Mykhailo Fyk1, Volodymyr Biletskyi1, Mohammed Abbood1, Mohammed Al-Sultan2, Majid Abbood1, Haval Abdullatif 3, Yevhen Shapchenko4

1National Technical University “Kharkiv Polytechnic Institute”, Kharkiv, 61002, Ukraine

2LLC Weatherford Ukraine, Kyiv, 03150, Ukraine

3Brightpetrozone Co., Erbil, 92001, Iraq

4UMG “Kharkivstransgaz”, Kharkiv, 61002, Ukraine


Min. miner. depos. 2020, 14(2):66-74


https://doi.org/10.33271/mining14.02.066

Full text (PDF)


      ABSTRACT

      Purpose is to develop mathematical model of nonisothermal inflow and lifting of the recovered gaseous mixture (i.e. geothermal fluid) of a well taking into consideration dynamic coefficient of heat transfer and thermal diffusion coefficient; fluid expansion coefficient in terms of nonadiabatic process; effect of average integral environmental temperature on the heat transfer coefficient; changes in molar mass of the fluid during the well operation; and a process of the productive seam cooling during initial development stages (i.e. months-years).

      Methods of material and energy balance of fluid-heat flows within a productive formation and within a well as well as forecasting of geothermal fluid production; numerical methods of fluid thermal gas dynamics; Runge-Kutta 4th order method; and Quazi-Newton method to solve nonlinear equations have been applied.

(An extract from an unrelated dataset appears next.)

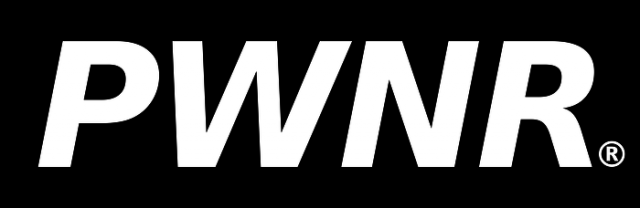 pwner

      Findings. It has been demonstrated that thermal gradient of rocks and thermal carrier-rock heat exchange vary depending upon operation modes of the formation and the well in terms of temperature effect, temperature difference in humidity, viscosity, compressibility, and other rock characteristics determining efficiency of thermal diffusion as well as coefficient of heat exchange between the fluid and rocks.

      Originality.The specified equations of thermal energy balance in terms of radial filtration and well product lifting have been developed. The equations are more preferable to compare with the current calculation technique, where a coefficient of fluid is expanded in a seam in the context of nonadiabatic process, and consideration of effect of average integral environment temperature of the heat transfer strength (the known methods takes into account geometric mean of the formation temperature). Actual changes in molar mass of the produced geothermal fluid during the whole period of the well operation (i.e. up to 50 years) are involved. Thermal gas dynamic model well inflow-lifting has been improved owing to the consideration of a transient process of the productive formation cooling during the initial stage of the geothermal fluid production (i.e. months-years).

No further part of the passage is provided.